ED utilization differences persisted by community type and urbanicity. In contrast with a national report of higher ED utilization in rural, versus urban, communities,[29] we found higher ED visits among patients in city census tracts (vs townships) and urbanized areas (vs rural). In prior work in our study region,[16] associations between urbanicity and diabetes onset have also differed from national trends, potentially reflecting geographic differences that indicate a need for more localized research on the impact that community features have on health.

This research had numerous strengths. First, our measure of CSD used a spatial scale that is behaviorally relevant, rather than suboptimal scales based on census tract or county boundaries.[20] Second, by studying a single health system serving a geographically diverse region, our findings were less vulnerable to confounding by health system factors (eg, treatment protocols) that could differ by community features.

This study had some limitations. First, the study population was predominately White individuals. Findings may not be generalizable to populations with different sociodemographic characteristics, though findings are likely generalizable to the region studied. Second, patients missing D-dimer or troponin measures were excluded from the analysis of these outcome measures. Third, the administrative community type is challenging to replicate in states without similar municipality boundaries.
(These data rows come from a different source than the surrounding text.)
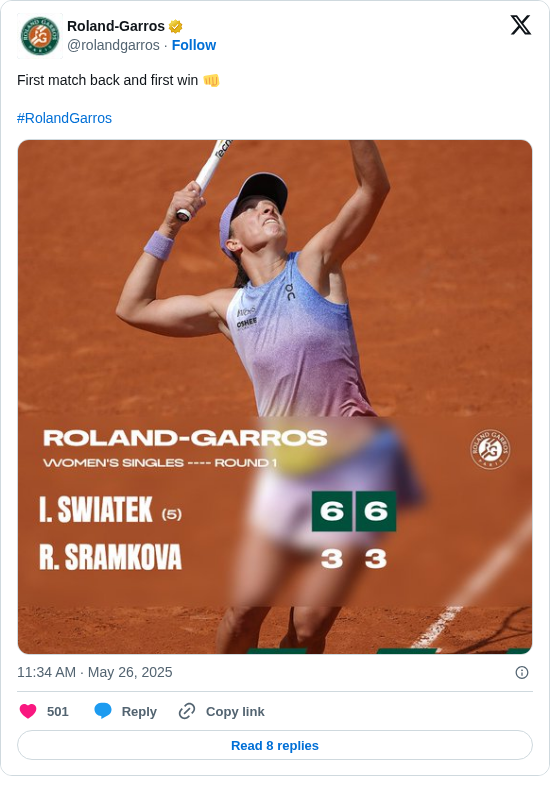 Roland-Garros: First match back and first win 👊

#RolandGarros https://t.co/PAH0ptE9eA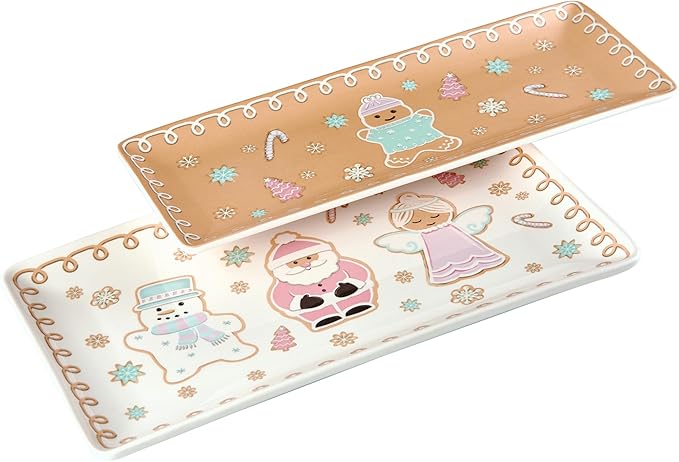 Bico Pastel Gingerbread Man Ceramic 14 inch Rectangular Serving Platter, Set of 2, for Serving Salad, Pasta, Cheese, Ham, Appetizer, Microwave & Dishwasher Safe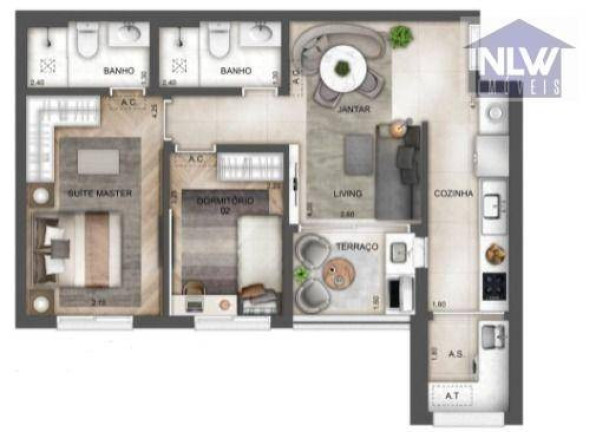 Apartamento com 2 Quartos à Venda, 65 m² em Vila Andrade - São Paulo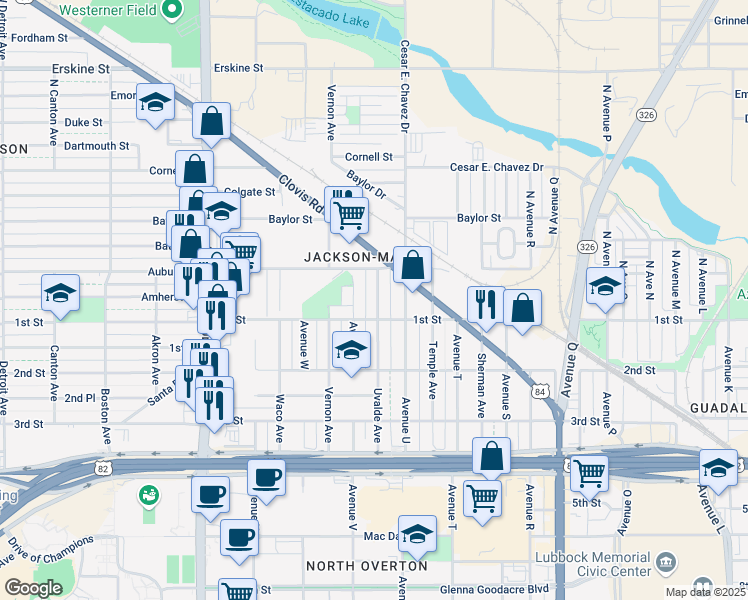 map of restaurants, bars, coffee shops, grocery stores, and more near 107 North Uvalde Avenue in Lubbock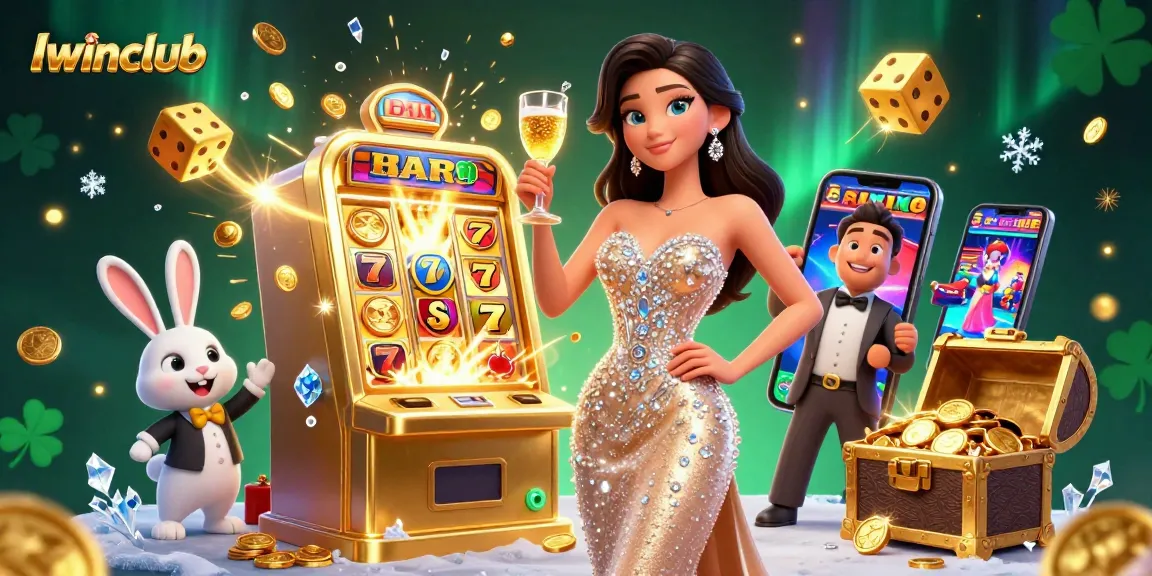 Iwinclub celebrates a vibrant casino scene with a woman toasting beside a golden jackpot machine.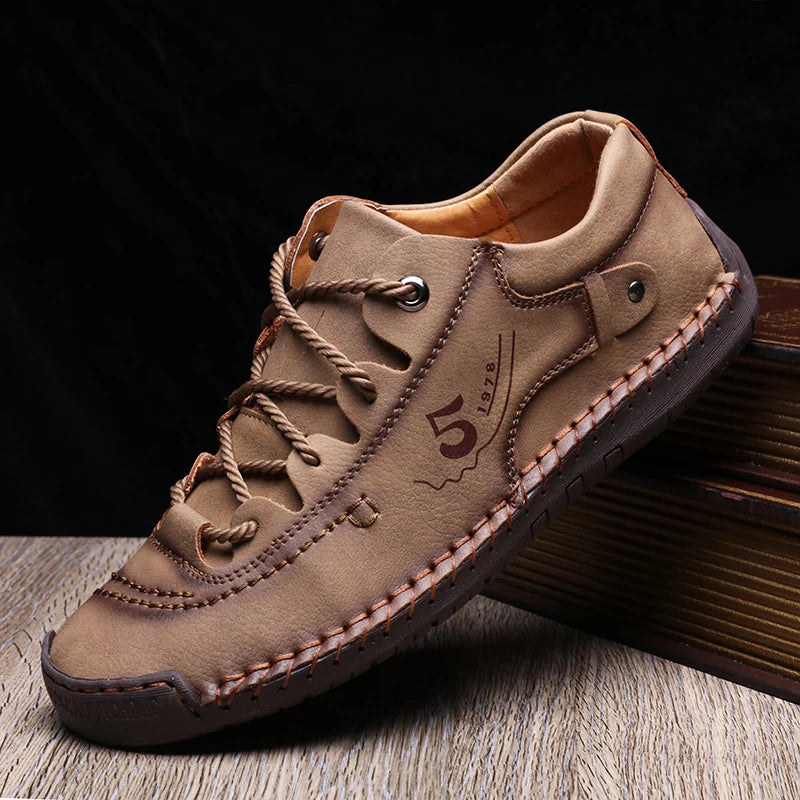 Oliver - Orthopedische Bruine Lederen Sneakers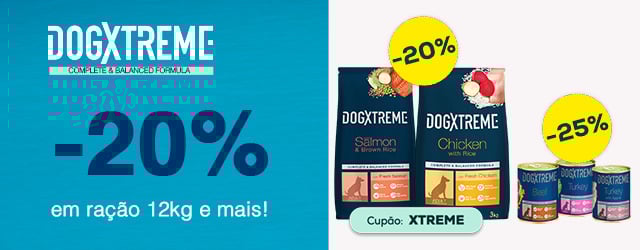 Dogxtreme: -20% em ração 12 kg e -25% numa seleção de packs de alimentação húmida (24 x 400 g)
In a large, geographically diverse region of Pennsylvania, diabetes was associated with more severe COVID-19 outcomes among individuals hospitalized for COVID-19. These outcomes did not differ by community features, and the higher odds of ICU admission and elevated troponin levels among persons with diabetes was not influenced by community features. Diabetes care was disrupted during periods when COVID-19 mitigation policies were in place and when infection rates were elevated nationally. Community features modified the trajectories of health care utilization during these phases of the pandemic and could be used to identify individuals at risk of gaps in diabetes care. It is important to evaluate the impact of these utilization differences on diabetes outcomes.